Il déposa la roche dans la main de Laurel, et elle retint son souffle devant le joyau.

— Est-ce un diamant ?

— Oui, mon enfant. Un de cette grosseur devrait suffire à tous vos besoins. Voici notre offre. Tu sais que tu as été placée chez des humains dans le seul but d’obtenir leur terre après leur mort éventuelle.

Quand Laurel hocha la tête, il poursuivit.

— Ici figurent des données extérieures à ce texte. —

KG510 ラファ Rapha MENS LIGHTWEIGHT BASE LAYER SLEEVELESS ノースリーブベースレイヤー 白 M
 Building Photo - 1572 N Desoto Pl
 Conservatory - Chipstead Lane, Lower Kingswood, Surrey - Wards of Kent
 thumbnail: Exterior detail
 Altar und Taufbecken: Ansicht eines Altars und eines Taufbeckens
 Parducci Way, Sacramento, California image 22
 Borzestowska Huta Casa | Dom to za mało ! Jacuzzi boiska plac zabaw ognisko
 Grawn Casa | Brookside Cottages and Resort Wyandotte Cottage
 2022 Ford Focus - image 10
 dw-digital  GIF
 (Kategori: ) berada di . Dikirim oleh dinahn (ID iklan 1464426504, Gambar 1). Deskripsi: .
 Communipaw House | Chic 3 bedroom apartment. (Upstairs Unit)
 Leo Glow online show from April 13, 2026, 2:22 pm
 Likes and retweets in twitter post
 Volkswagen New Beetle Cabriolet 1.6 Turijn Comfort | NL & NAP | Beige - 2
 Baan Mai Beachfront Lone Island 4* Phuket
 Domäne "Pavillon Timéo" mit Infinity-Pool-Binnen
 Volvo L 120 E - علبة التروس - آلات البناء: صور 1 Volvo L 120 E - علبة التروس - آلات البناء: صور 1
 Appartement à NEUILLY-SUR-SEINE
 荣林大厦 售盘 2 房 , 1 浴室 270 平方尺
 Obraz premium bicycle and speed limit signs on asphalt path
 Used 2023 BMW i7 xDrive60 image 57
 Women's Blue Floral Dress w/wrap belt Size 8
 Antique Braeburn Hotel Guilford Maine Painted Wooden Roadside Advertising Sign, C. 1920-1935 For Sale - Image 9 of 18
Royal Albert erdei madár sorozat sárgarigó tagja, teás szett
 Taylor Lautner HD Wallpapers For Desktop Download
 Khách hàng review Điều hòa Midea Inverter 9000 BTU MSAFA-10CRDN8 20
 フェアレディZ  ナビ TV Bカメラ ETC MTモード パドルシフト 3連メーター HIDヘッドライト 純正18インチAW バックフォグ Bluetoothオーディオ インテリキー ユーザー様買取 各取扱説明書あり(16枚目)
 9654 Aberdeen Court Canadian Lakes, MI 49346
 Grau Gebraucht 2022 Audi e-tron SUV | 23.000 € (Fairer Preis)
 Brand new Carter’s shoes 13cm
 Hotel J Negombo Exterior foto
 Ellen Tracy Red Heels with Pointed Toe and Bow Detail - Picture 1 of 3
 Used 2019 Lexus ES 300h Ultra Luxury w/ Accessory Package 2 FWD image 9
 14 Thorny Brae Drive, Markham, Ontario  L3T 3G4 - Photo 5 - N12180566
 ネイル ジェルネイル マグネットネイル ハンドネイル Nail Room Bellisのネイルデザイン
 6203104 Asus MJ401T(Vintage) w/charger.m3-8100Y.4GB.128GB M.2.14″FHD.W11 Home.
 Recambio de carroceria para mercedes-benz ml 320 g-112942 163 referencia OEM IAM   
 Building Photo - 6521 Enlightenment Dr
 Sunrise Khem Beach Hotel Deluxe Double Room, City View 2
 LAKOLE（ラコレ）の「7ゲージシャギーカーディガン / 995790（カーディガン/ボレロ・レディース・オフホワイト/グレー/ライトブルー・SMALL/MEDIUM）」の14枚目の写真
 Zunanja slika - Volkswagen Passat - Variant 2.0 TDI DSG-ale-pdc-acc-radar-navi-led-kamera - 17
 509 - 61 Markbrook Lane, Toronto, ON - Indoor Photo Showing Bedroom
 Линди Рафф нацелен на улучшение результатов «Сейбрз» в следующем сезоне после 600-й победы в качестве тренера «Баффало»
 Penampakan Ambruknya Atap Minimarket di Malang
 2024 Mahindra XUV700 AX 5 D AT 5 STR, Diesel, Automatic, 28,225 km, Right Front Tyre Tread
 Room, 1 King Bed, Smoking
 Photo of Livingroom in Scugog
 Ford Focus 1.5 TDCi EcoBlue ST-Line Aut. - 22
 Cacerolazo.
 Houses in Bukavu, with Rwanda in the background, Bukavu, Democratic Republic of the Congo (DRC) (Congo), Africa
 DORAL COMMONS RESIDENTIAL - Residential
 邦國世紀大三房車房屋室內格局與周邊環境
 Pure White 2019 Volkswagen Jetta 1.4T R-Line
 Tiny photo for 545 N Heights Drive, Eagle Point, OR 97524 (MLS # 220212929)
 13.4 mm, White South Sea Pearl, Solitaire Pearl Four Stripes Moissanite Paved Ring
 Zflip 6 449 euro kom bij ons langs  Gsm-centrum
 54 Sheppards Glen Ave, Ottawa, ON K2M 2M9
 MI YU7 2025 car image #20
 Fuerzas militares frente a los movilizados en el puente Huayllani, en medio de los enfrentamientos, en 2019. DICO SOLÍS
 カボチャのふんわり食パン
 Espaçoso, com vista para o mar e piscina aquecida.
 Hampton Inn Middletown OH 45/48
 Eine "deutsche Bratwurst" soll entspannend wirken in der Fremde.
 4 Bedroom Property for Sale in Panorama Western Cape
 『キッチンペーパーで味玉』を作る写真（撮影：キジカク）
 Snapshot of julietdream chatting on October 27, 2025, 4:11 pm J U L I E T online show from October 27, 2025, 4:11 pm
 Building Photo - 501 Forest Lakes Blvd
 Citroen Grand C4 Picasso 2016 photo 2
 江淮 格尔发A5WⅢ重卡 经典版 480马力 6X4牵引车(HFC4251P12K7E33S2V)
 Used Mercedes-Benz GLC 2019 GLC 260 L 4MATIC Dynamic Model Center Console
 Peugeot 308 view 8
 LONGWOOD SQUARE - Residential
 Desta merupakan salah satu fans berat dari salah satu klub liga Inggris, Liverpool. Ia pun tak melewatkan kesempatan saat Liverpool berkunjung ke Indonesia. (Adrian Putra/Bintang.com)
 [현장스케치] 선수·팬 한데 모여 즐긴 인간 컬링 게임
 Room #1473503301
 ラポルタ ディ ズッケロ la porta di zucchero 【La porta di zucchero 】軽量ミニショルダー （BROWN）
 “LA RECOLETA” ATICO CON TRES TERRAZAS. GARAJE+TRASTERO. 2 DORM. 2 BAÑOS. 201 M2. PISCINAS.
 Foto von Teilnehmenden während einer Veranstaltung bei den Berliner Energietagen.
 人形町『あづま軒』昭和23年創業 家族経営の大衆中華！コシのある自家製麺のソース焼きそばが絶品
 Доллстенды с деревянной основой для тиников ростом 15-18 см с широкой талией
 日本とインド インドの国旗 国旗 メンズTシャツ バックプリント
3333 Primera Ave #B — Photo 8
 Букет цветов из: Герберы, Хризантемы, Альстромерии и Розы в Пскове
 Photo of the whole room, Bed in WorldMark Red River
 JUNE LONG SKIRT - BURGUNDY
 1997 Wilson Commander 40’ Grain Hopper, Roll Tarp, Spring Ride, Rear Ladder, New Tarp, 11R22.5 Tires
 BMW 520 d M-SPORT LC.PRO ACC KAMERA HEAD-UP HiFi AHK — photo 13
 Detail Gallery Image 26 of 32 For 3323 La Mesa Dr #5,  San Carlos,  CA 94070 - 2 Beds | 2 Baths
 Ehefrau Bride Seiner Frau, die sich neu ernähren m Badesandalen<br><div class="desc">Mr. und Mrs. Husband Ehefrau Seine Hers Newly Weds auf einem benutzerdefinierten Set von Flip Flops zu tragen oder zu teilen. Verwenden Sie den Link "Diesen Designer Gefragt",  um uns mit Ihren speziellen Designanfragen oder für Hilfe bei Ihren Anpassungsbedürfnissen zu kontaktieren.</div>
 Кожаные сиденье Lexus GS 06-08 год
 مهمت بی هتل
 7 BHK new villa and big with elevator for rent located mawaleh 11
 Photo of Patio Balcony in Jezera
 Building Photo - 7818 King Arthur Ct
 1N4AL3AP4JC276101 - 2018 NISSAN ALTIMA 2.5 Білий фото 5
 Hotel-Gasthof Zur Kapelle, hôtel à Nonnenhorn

— Les événements récents ont augmenté d’autant plus l’importance de ta mission et nous devons assurer le transfert de la propriété plus tôt. Ce joyau est pour tes parents s’ils acceptent de mettre la propriété en fidéicommis à ton nom dès que la santé de ton père le permettra. Toi seule peux décider ce que tu leur diras et comment tu procéderas.

Sa voix prit un ton très ferme.

— Mais tu dois devenir propriétaire de la terre, Laurel. Et nous sommes certainement prêts à payer un prix juste pour que cela se produise.

Laurel hocha la tête et rangea le diamant dans sa poche.

— Je suis certaine qu’ils seront d’accord.

— Je crois que tu as raison, dit Jamison. Tu dois te dépêcher, Laurel. Le temps qui reste à ton père se mesure en heures à présent, plus en jours.

— Merci, murmura Laurel, et elle se tourna pour partir.

— Oh, Laurel ?

— Oui ?

— J’espère te revoir bientôt. Très bientôt, ajouta-t-il.

Ses yeux pétillèrent et il retroussa ses lèvres en un doux sourire entendu.